# restaurants in drogheda



## Deccou (29 Sep 2005)

Hi,

I'm in Drogheda area this weekend and looking for a good restaurant for Sat evening. I've been given 3 suggestions:

Martellos
Borzalino
Bacchus (Bettystown)

Anyone any thoughts or recommendations of these?

Cheers.

D.


----------



## stobear (29 Sep 2005)

Bacchus is nice, but bring you chequebook! Not sure about the other two.


----------



## Cahir (29 Sep 2005)

Can I also suggest Garam Masala - the Indian restaurant on Stockwell Street (or possibly stockwell lane or stockwell place - stockwell something anyway!).

It's so nice that I often travel from Balbriggan just for the takeaway.


----------



## Molly (29 Sep 2005)

Baccus in bettystown is V nice, if you want to stay closer to drogheda town  I would recommend Borzalino's...lovely Italian, recently renovated , staff are really prof and nice and reasonably priced, very popular restaurant you will need to book it.... recently went to martellos and wasnt mad on it, very bland and boring menu....


----------



## Beanie (29 Sep 2005)

Have to agree with Molly, Bacchus would be my choice of the 3. Starters & deserts are less than 10 euro, main courses 20-30 euro. Deserts are small. Martello: I wasnt impressed with the quality of food or service last time I was there so I didnt go back. Borzolino's:My sister loves this place, I havent being there since they renovated, hopefully the food and service has improved.


----------



## mobileme (30 Sep 2005)

The Boiled Onion on Shop St. is lovely also, you might not get in at this stage for Sat night though.


----------



## Deccou (3 Oct 2005)

Thanks guys. Went to Bacchus. Really enjoyed it. Very good food. Mussels & clams for starters were average'ish but monkfish for main was delicious. Nice atmosphere, good mixture of people. Very good & friendly service. Pricey but not excessive for overall experience. Reminded me of The Red Bank in Skerries.
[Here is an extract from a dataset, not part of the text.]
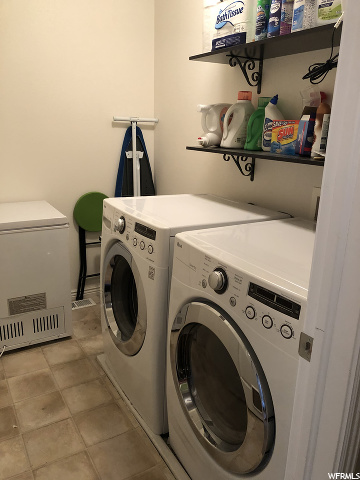 447 E 475 N, Ogden, UT 84404 — photo 9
I'll have to try Borzolino's next time.


----------



## Beanie (3 Oct 2005)

Good to see you enjoyed it, wasnt too sure what the service would be like as the restaurant is up for sale.


----------



## Marbil (4 Oct 2005)

I know you've been to Drogheda already for your meal but on your next trip I WOULDN'T go near Borzalinos - overpriced bigtime for nothing special - esp if you're a vegetarian.  Seriously, you could do better at home with a packet of pasta and a jar of Dolmio.  The trouble with Italian restaurants in Ireland is they will give us any kind of stuff and we think its real lovely - until we get to Italy and taste the difference! As a huge fan of Italian food, we are seriously lacking in the decent Italian restaurant stakes around Drogheda (except Carlitos but thats in Dunleer).  However, Drogheda DOES have some lovely restaurants - The Boiled Onion absolutely being the best.  Martellos is lovely also and very reasonable too.  The Black Bull on the Dublin Road is gorgeous with lovely bar attached and if you fancy a bit of Thai then the Pink Elephant in Dyer Street is FAB.  Theres a new Chinese restaurant opened called King of Kings and that is at the Boyne Shopping Centre - havent been for a sit down but I hear its beautiful.  And if you fancy a bit of steak, then Donegans (Monasterboice Inn) is the place to go!


----------



## Nosey Joe (6 Oct 2005)

I have a good knowledge of restaurants in the North East and have to agree with most of the above. 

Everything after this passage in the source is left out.